Black Wednesday 1992: How George Soros Broke the Bank of England

Black Wednesday 1992: How George Soros Broke the Bank of England explained by professional forex trading experts the “ForexSQ” FX trading team.

Black Wednesday 1992: How George Soros Broke the Bank of England?

Markets are constantly in a state of uncertainty and flux and money is made by discounting the obvious and betting on the unexpected.” – George Soros

George Soros is perhaps the most famous currency trader in the world, thanks to his timely and brave bet against the Bank of England, on what became known as Black Wednesday. With costs of around £3.3 billion, Britain’s central bank was unable to defend itself from an attack in the currency markets, and Mr. Soros made an estimated $1 billion in profit as a result.

In this article, we will look at what happened on Black Wednesday and some lessons from the crisis for central banks and governments in the future.

Setting the Stage for Black Wednesday 1992

The European Exchange Rate Mechanism (ERM) was setup in March of 1979 in order to reduce exchange rate variability and stabilize monetary policy across Europe before introducing a common currency that would eventually be known as the euro. Simple put, the ERM set an upper and lower margin in which exchange rates could vary – known as a semi-peg.

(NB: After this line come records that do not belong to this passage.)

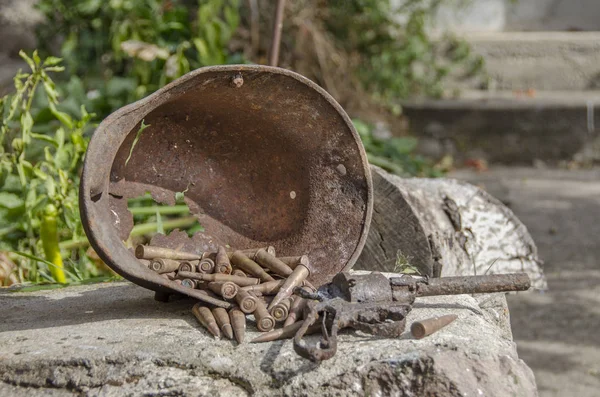 Memorabilia Primera Guerra Mundial Casco Oxidado Balas Fotos De Stock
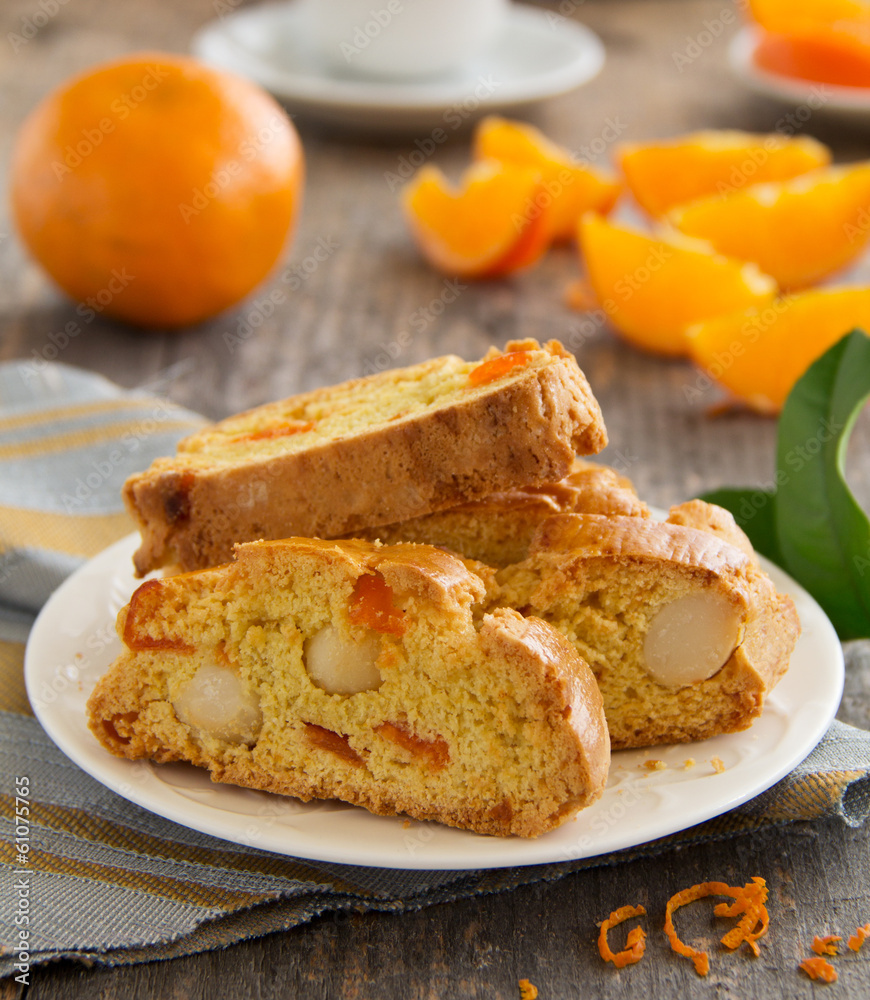 Fragrant biscotti with orange and macadamia nuts. Fragrant biscotti with orange and macadamia nuts.
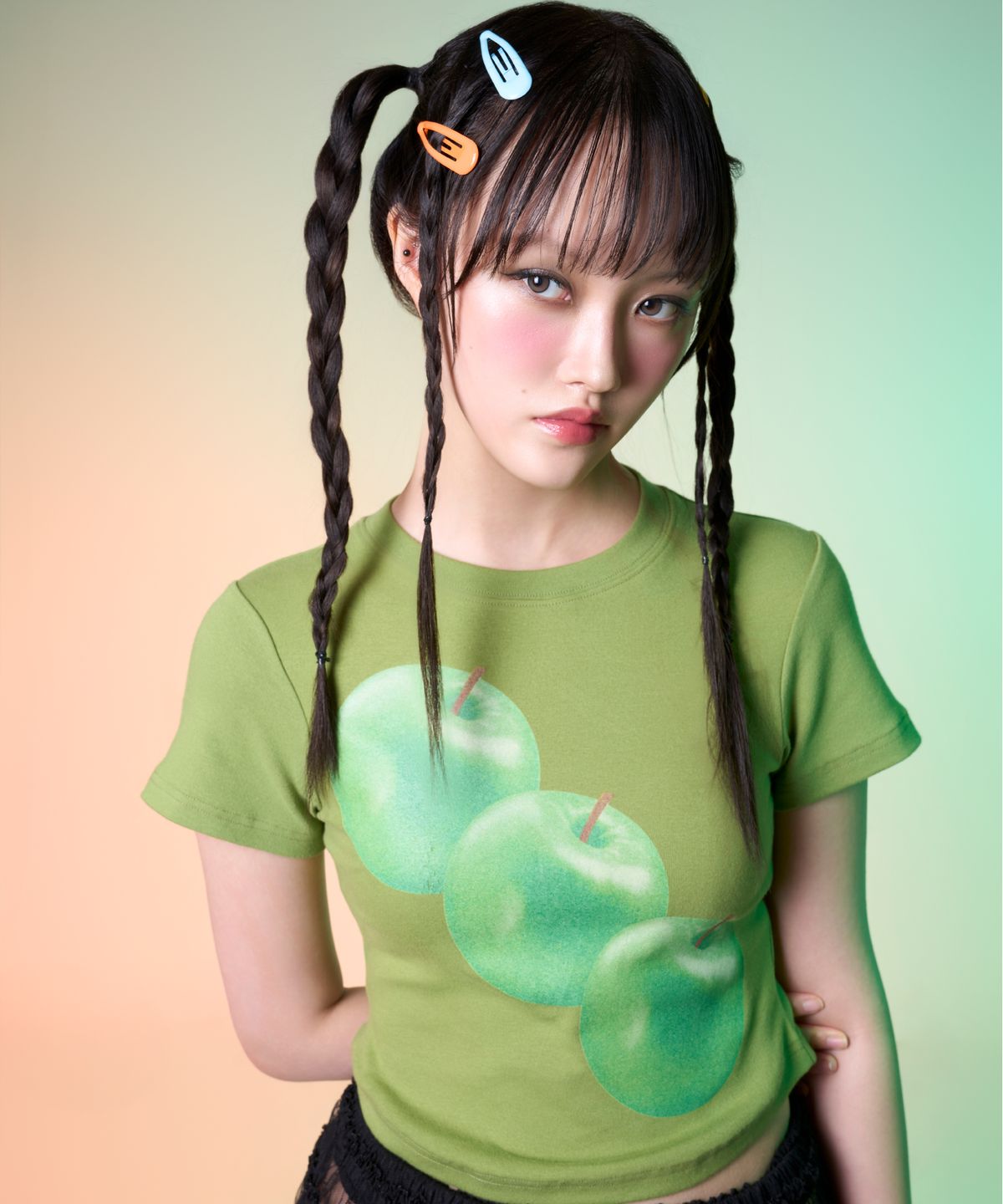 유얼쎄시(YOUR SASSY) Fruit Fade Tee (GREEN APPLE)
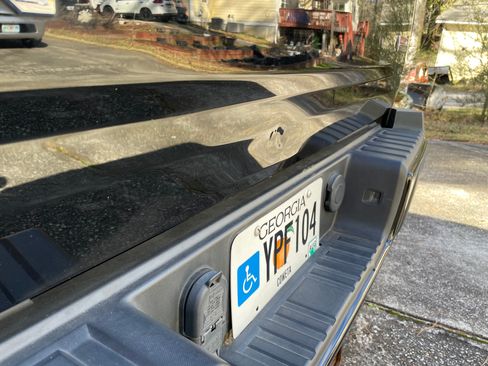 Used 2016 GMC Canyon SLE w/ All Terrain Package image 30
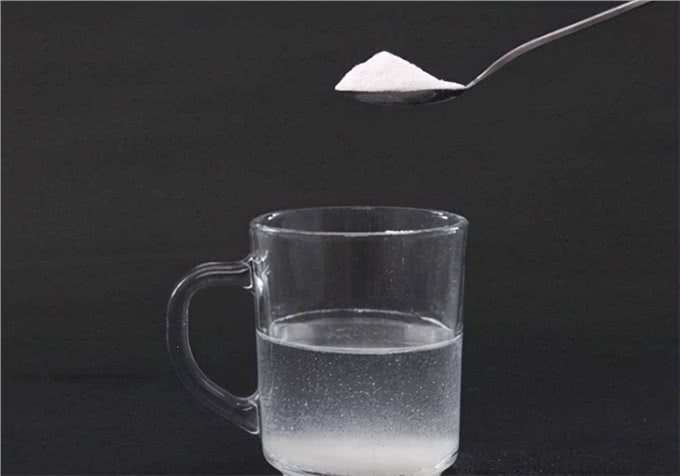 小狗便秘拉不出来吃什么药?不用喂药，要采取以下措施帮助狗狗
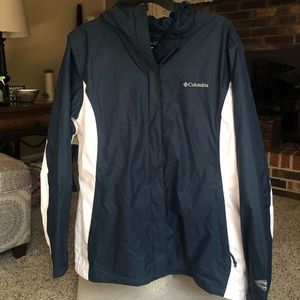 NWOT Columbia Raincoat / wind jacket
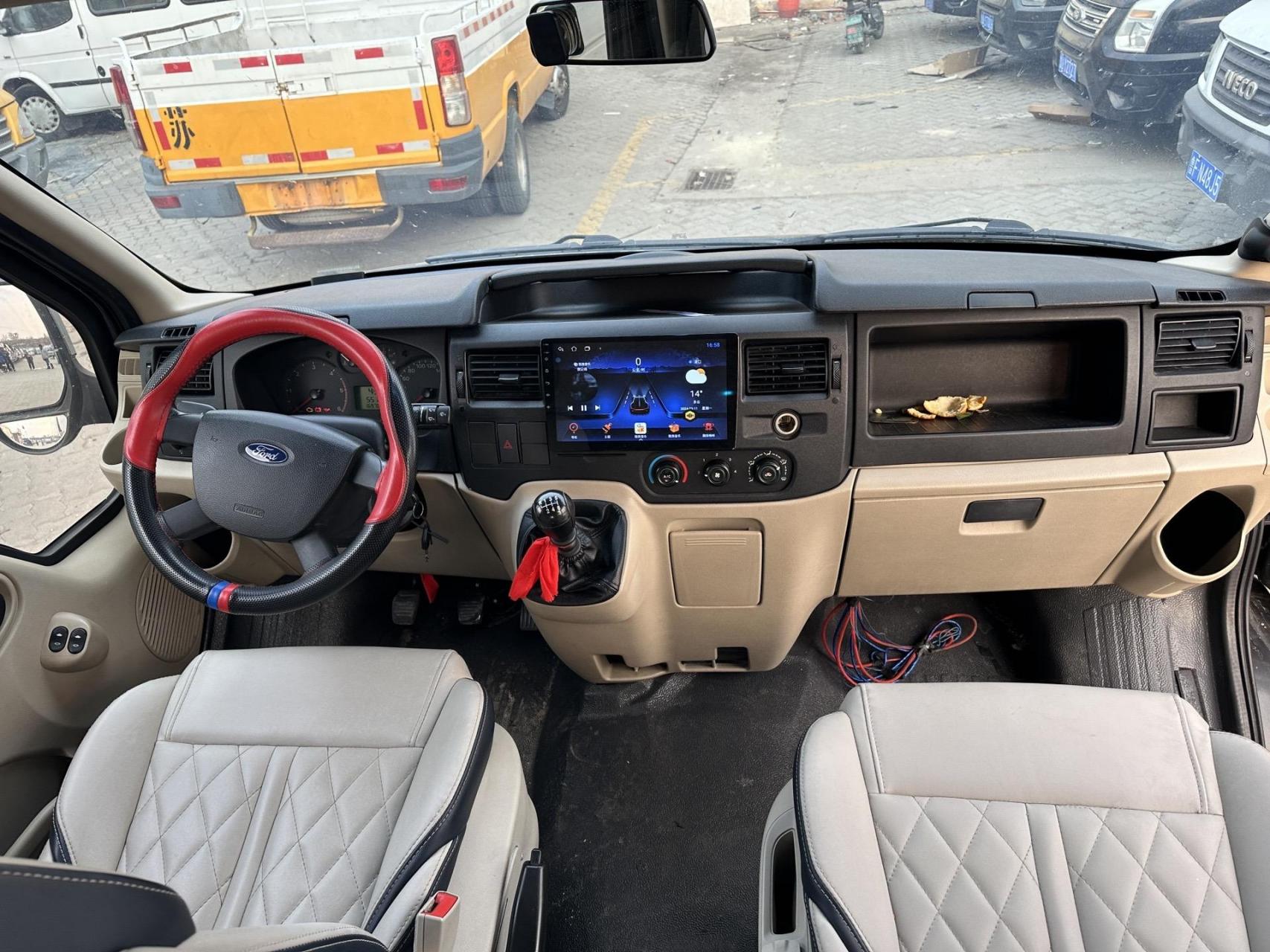 9座:1 6年福特全顺新世代!长轴中顶,国5:非营运,2.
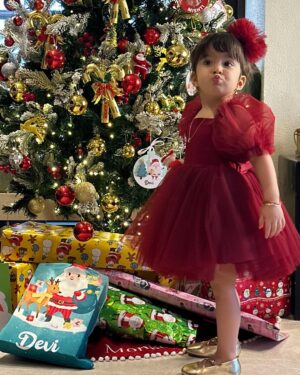 Bipasha Basu Instagram - It is the most wonderful time of the year🎄❤️🧿
#christmas2024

Britain initially declined to join the ERM when it originated, but later adopted a semi-official policy that shadowed the Deutsche Mark. In October of 1990, the country decided to join the ERM after a shake-up in leadership, preventing its currency from fluctuating more than 6% in either direction by intervening in the currency markets with countertrades.

Black Wednesday’s Underlying Causes

When Britain joined the ERM, the rate was set to 2.95 Deutsche Marks per Pound Sterling with a 6% permissible move in either direction.

The problem was that the country’s inflation rate was three times that of Germany’s, interest rates were at 15%, and the country’s economic boom was far into a period of unsustainable growth – setting the stage for a bust period.

Currency traders took note of these underlying problems and began short selling the Pound Sterling – that is, borrowing and immediately converting them into a foreign currency with the agreement to re-convert them in the future.

George Soros was one of these bearish currency traders, amassing a short position of more than $10 billion worth of Pound Sterling.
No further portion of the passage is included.